## EXERCISE PROMPT:
Return all of the data verbatim, dropping any picture.

## DATASET SECTION:
+++

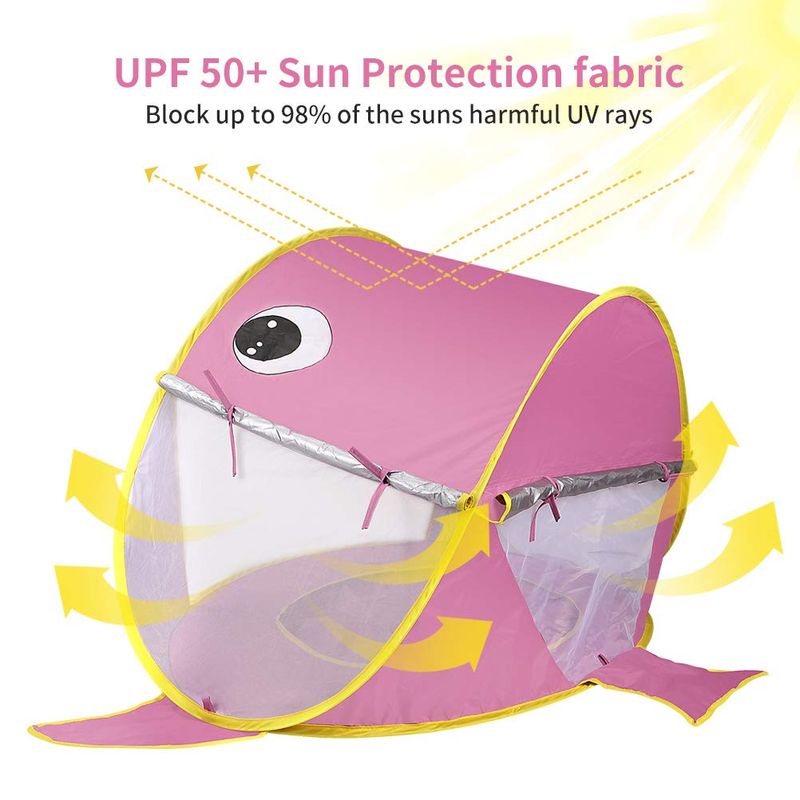 Jucarii, Copii si Bebe - Jucarii si jocuri - Jucarii de exterior - Casute si corturi copii - Cort de plaja portabil, impermeabil, protectie solara UV UPF 50+, copii 3-48 de luni, rechin, roz, bebeLOGIC™ - Infinity.ro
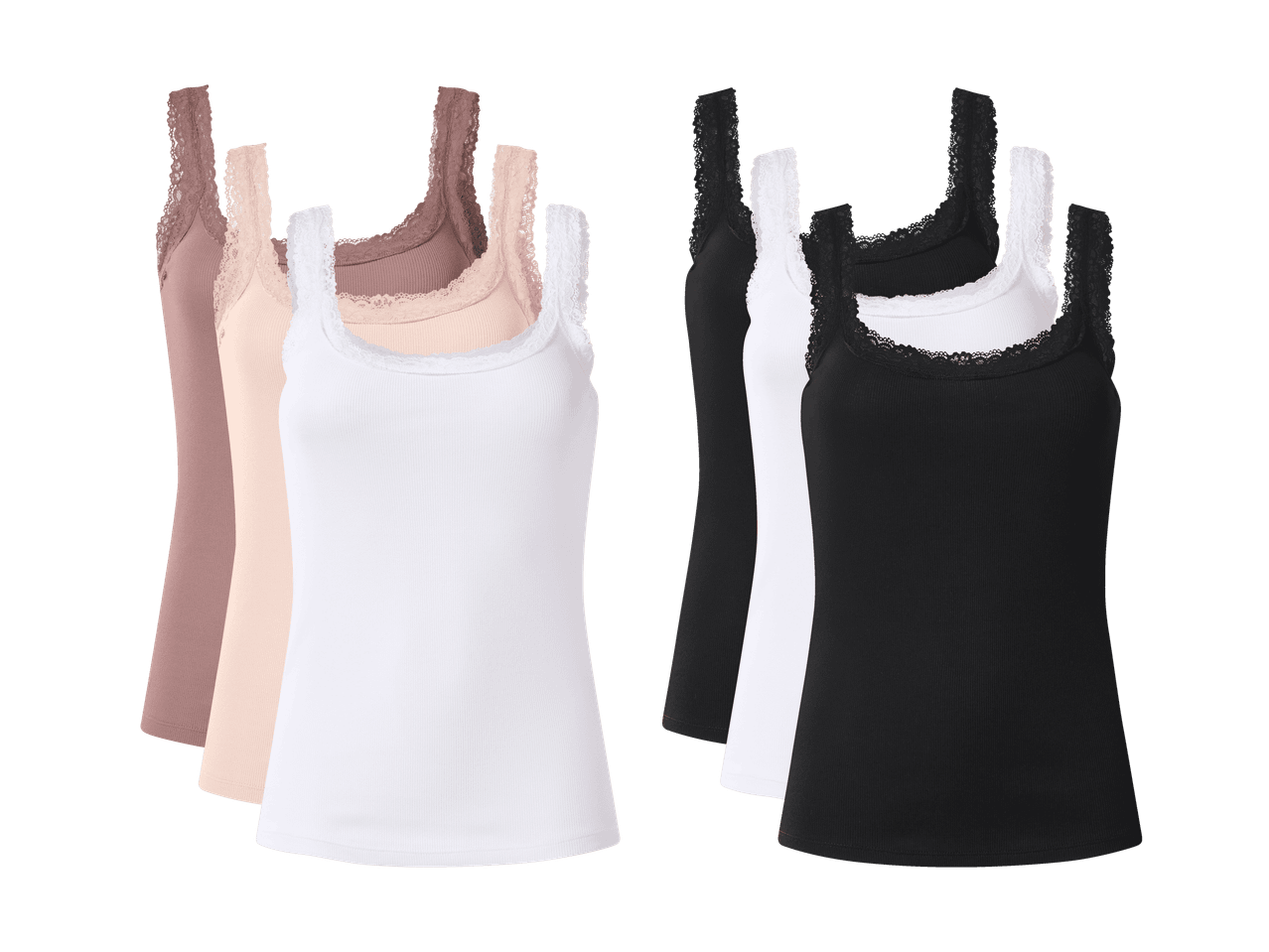 Lot de débardeurs côtelés avec bordure en dentelle, en blanc, noir, rose et beige.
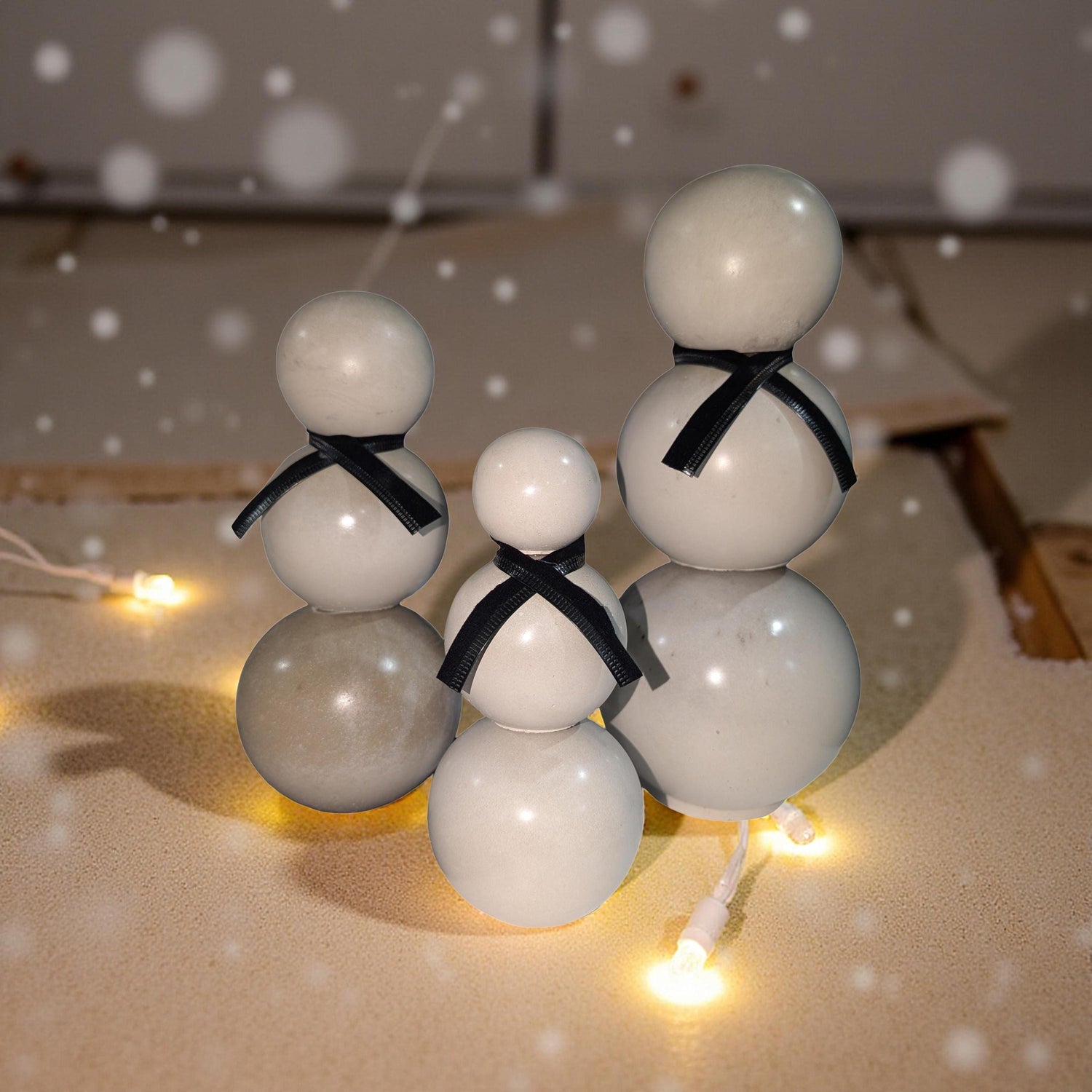 Handmade Concrete Snowman Set – Modern Minimalist Winter Décor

+++

## SOLUTION TO THIS TASK:
 Jucarii, Copii si Bebe - Jucarii si jocuri - Jucarii de exterior - Casute si corturi copii - Cort de plaja portabil, impermeabil, protectie solara UV UPF 50+, copii 3-48 de luni, rechin, roz, bebeLOGIC™ - Infinity.ro
 Lot de débardeurs côtelés avec bordure en dentelle, en blanc, noir, rose et beige.
 Handmade Concrete Snowman Set – Modern Minimalist Winter Décor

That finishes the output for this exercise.